Because our working memory has limited capacity, our ability to multitask is largely a myth. One study showed that switching between two simultaneous tasks resulted in a 20% time loss. Switching between three tasks caused a 50% time loss! Other studies have been more generous, but all have consistently found evidence of lost productivity. This can in part be observed through brain imaging, which shows that multitasking pushes associated cognitive function into areas of the brain not intended for those tasks.
So what's the application to leadership? Company leaders often strain the limits of their employees' working memory by contributing to information overload and increasing the complexity of work tasks. Think about it: When was the last time a management decision in your firm actually made things easier for employees? The byproduct of most management actions is more things to do and more time required to do them.

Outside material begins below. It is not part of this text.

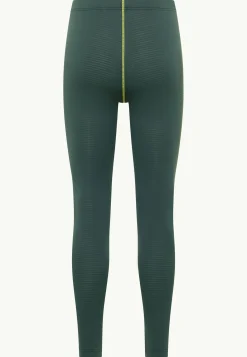 Outlet Infinite Warm Pants M Herren Funktionsunterwäsche|Wanderhosen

The findings of neuroscience illuminate our limitations in mentally processing the ever-increasing information and complexity of the modern workplace. Besides restrained capacity, working memory is also easily distracted and energy intensive. To bring out the best in your team as a leader, you want to help focus attention on the things that matter most. Distribute work tasks appropriately, help teammates concentrate on one task at a time, reduce the "mental noise" that so easily distracts.
If a typical day at the office pushes our working memory beyond its limits, consider the impact of change. There's still more information to process while the brain's hardwired cognitive functioning is less useful for the work to be performed. Leaders can help by keeping things as simple as possible, phasing in change over time, and aligning new tasks to old ones to the extent practical. Ultimately, however, you want to facilitate change within the brain.

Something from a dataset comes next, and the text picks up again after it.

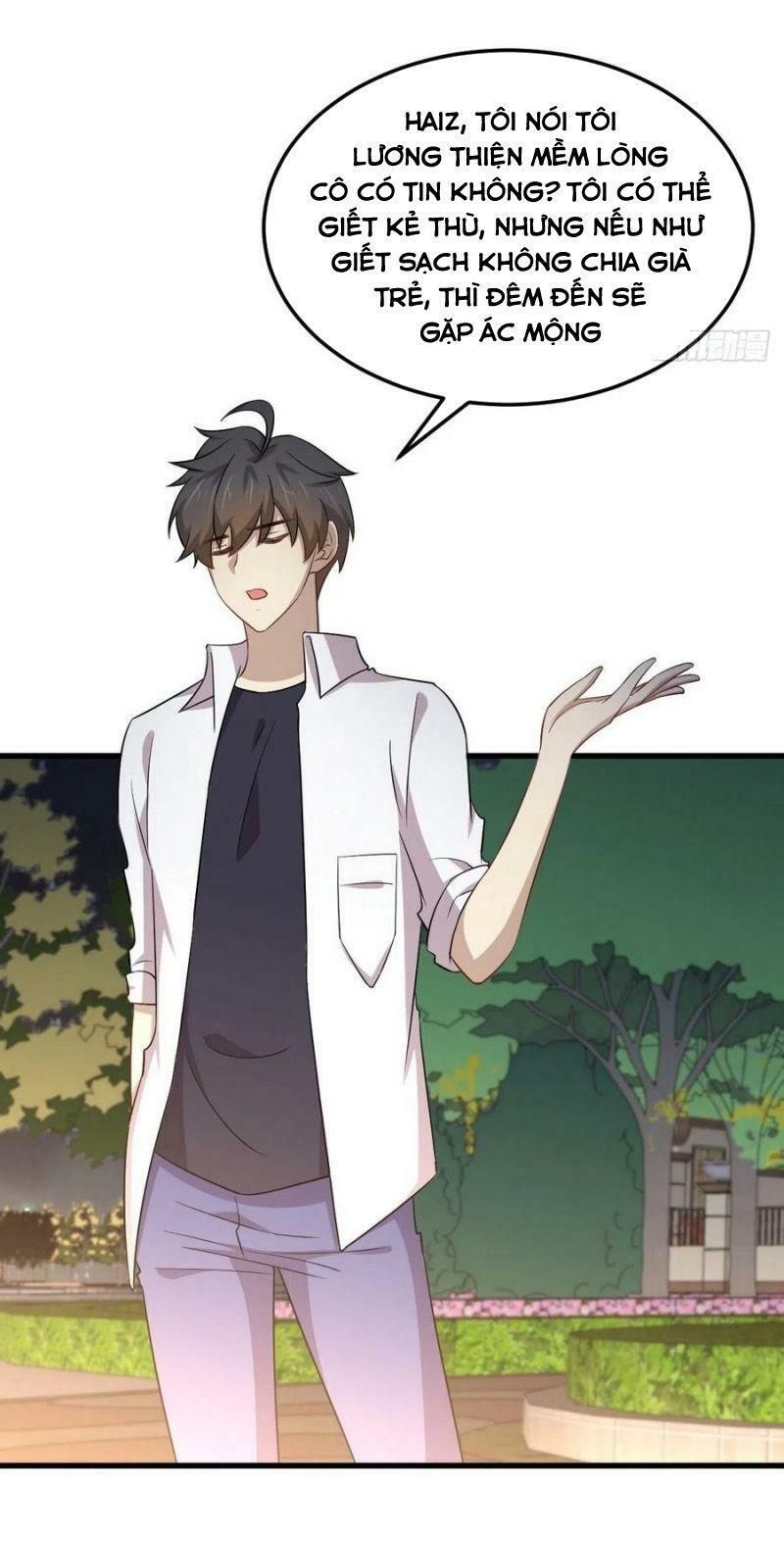 đọc truyện Xuyên Không Vào Thế Giới Nữ Cường Chương 186 ảnh 5 tại Thiên Thai Truyện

Focusing attention helps the brain rewire circuits to accommodate change. The brain has remarkable ability to reshape itself in response to changes. We see this in individuals who have suffered traumatic brain injuries, where normal functioning is lost in certain parts of their brain. In many cases, the damaged brains have rewired their circuitry to enable other undamaged parts of the brain to take over the lost functionality.
Similarly, our brain can reshape itself to respond to organizational change and new work tasks. As a leader, you can guide this process by helping people focus attention and activity. Brain research has shown that we can actually stimulate physical changes in the brain by concentrating attention. Over time, this focus stabilizes certain associated connections in the brain, allowing it to rewire itself. This relieves working memory by creating new hardwired circuitry to support new work functions.
Even if you didn't know the neuroscience behind it, you have witnessed this transformation many times. When you first were learning to drive a car, for example, it consumed most of your working memory. You had to consciously think about every step—where the brake pedal was, which way to flip the turn signal, where to position your hands on the steering wheel. But over time, concerted effort and focus enabled your brain to hard-wire much of the cognitive function associated with driving, so that you can do it now with little conscious thought.
As a change leader, you can greatly benefit from having a basic understanding of the neuroscience associated with change. Ultimately, you have to overcome the inertia of people's hardwired brain functioning and set in motion the steps to enable brains to change in order for behaviors to change for the long term. It may not be as difficult as you imagined if you can maintain focus on the right things.